Down in the square the sooty privets have turned bright green, the leaves are thickening on the chestnut trees, the daffodils are out, the wallflowers are budding … and even the sparrows are quite a different colour, having felt the balminess of the air and nerved themselves to take a bath, their first since last September.

It isn’t mere sentimentalism that leads Orwell to savour these sights. After all, he asks, “if we kill all pleasure in the actual process of life, what sort of future are we preparing for ourselves?” To Orwell, admiring the beauty of natural things, even the lowly toad, is a first, necessary step towards ensuring the planet is a place where we might have a chance of eking out a “decent” existence, to use a pet word of his. It is a vision of the future characterized not by over-lofty principles but by plain-old compassion. It is therefore an ideal in less danger than others of succumbing to the compromising rhetoric of the campaign, the slogan, the ideology, the in-group, the dogma, the dogmatist, the dictator, the death machine. Like weeds, these are still with us: they have yet to be rooted out.
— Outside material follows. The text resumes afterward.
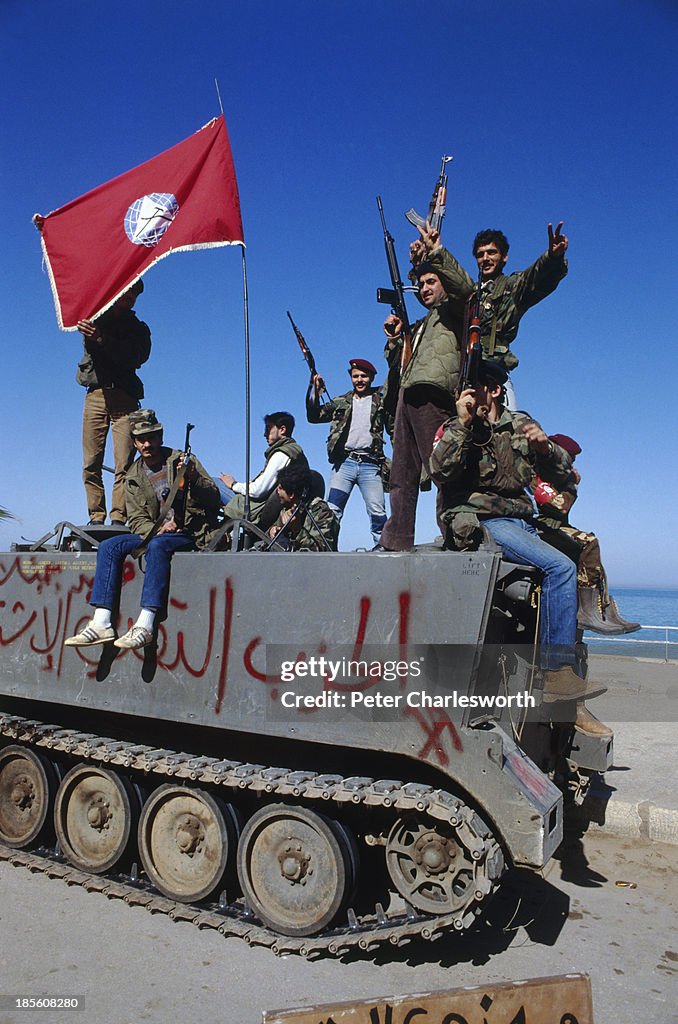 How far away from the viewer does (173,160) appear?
6.50 metres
It strikes me that gardening, in a way, is the opposite of extraction. It is generation instead of destruction, respect instead of disdain, preservation instead of despoilation, mending instead of severing, healing instead of mutilation. It is harmony instead of war — “swords into ploughshares,” and all that. It entails a way of looking at things that is attentive and humane, life-affirming and pleasure-seeking, caring and even loving. Gardening alone cannot solve all our problems; it cannot save us from the peril we have set upon ourselves. But it can teach us to set store by the living things that give us life even as we make life possible for them. Gardens, too, are places to reclaim the calm, if not the perspective, lost in an age of total commodification and constant surveillance, when we are facing down our doom. They are places outside the algorithm and removed from the infostreams. And they might just be the spaces that allow us to discover a different way of dwelling together, on the small planet we can’t help but share. If this all doesn’t contain the kernel of a political awakening, I don’t know what would. But what can I say? I just want to watch the world bloom.